*** DATA

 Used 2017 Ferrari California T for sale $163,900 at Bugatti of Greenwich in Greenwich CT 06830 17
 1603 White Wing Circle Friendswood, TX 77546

******
*** DATA

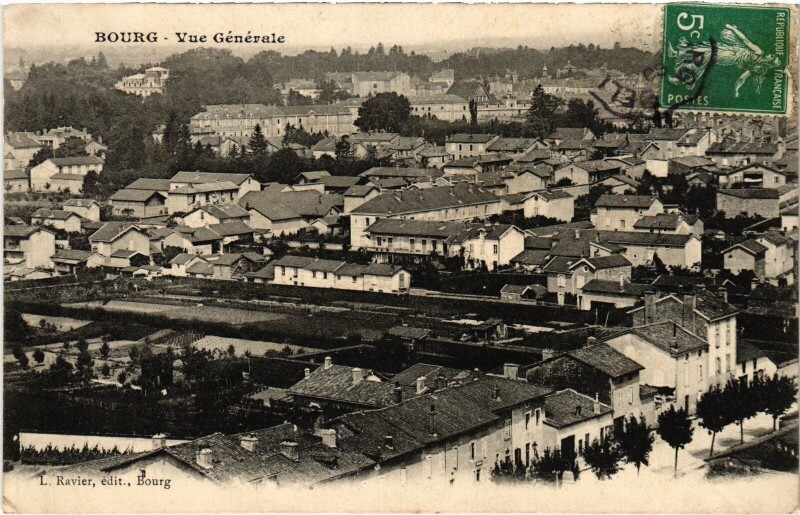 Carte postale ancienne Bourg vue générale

******

▸ **ABOUT THIS EXERCISE**
Look above for the line holding "Used 2017 Ferrari", then set down exactly that line and every line after it up to and including the line holding "1603 White Wing Circle Friendswood, TX 77546", with nothing else.

▸ **WRITTEN ANSWER**
 Used 2017 Ferrari California T for sale $163,900 at Bugatti of Greenwich in Greenwich CT 06830 17
 1603 White Wing Circle Friendswood, TX 77546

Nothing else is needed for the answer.